This repository contains the source code and data of all programs used in the manuscript "Identifying immune infiltration by deep learning to assess prognosis of patients with hepatocellular carcinoma".
Assessing-prognosis-with-deep-learning
├── C# C# related projects
│ ├── Deep Learning Training Command Line Tool Function as folder name
│ ├── DL-in-HCC.sln Solution file
│ ├── Tile Classifier Function as folder name
│ └── Wistu.Lib.ClassifyModel Public library, 'wistu' is the author's blog name
├── LICENSE
├── R R related scripts
│ ├── 00.Functions.R Basic functions of the script
│ ├── 01.CalculateCutoff.R The name is its function
│ ├── 02.DrawOS.R The name is its function
│ ├── 03.CoxRegression.R The name is its function
│ ├── 04.Nomogram.R The name is its function
│ ├── 05.CalibrationCurve.R The name is its function
│ ├── 06.Time-dependentROCCurve.R The name is its function
│ ├── 07.CIBERSORT.R The name is its function
│ ├── 08.EnrichmentAnalysis.R The name is its function
│ ├── 09.ImmuneCheckpointExpression.R The name is its function
│ ├── Data Contains the data needed for the script
│ └── R.Rproj R project file
└── README.md
This tool is used for model training, validation, etc. It also contains some miscellaneous functions such as segmenting WSI, viewing WSI information, calculating immune scores, etc.
Usage:
DeepLearningTrainingCommandLineTool [command] [options]
Options:
--version Show version information
-?, -h, --help Show help and usage information
Commands:
cut Automatically cut the entire WSI file.
view View the specified location in the WSI file.
info View WSI file information.
grey Image graying.
verify Validate the results against the model.
cpstruct Copy the structure of the input folder according to the specified directory and save it to the output
folder.
train Start training.
models Show all models.
link Create hard links for files in the specified directory structure.
score Calculates the immune species score for the slice in the specified slice catalog.
The hardware requirements for this software are basically equivalent to TensorFlow. If you want to use a graphics card for training, you need a corresponding graphics card, such as a discrete graphics card that supports NVIDIA cuda.
The training data has been packaged in 7zip format in 2000M sub-packages, but the authors were unable to place these files in the repository due to the file size limitations of the Github repository. As an alternative, we have placed these files on the release page, and you can go to get them.
To train the model you need to create subdirectories in the training directory according to the total number of classifications of your model, as required by ML.NET. After that place your files there by type and run the train command for training.

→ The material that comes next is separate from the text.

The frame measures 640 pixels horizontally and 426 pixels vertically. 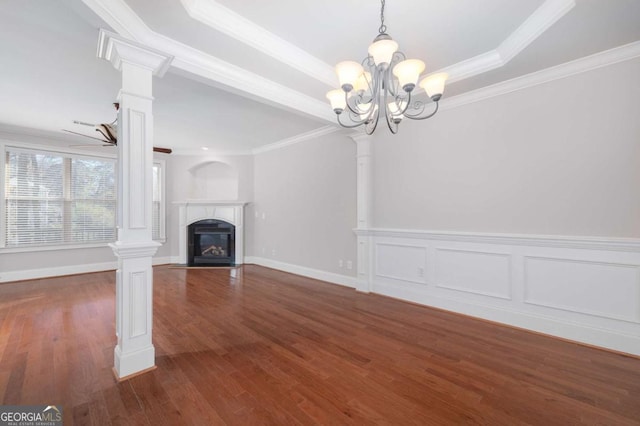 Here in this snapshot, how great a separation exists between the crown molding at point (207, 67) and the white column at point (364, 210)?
2.54ft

The main role of this tool is to assist users in fast and efficient tile classification, while it can use already trained models to assist in classification.
Use keyboard shortcuts to sort the tiles. For more details, please refer to the source code.
The R scripts have been split into separate units according to their functions, and each R script runs interdependently but independently of each other. Note: If you cannot output the image by executing the corresponding R script directly, please press Ctrl+Enter in R studio to run the code line by line and get the image in the Plot window.
The raw data of R scripts are stored in the /R/Data directory, and the deep learning training data used by C# programs are available on the release page. In addition, the tile data of the Xijing Hospital cohort used for validation is stored in the RELEASE page.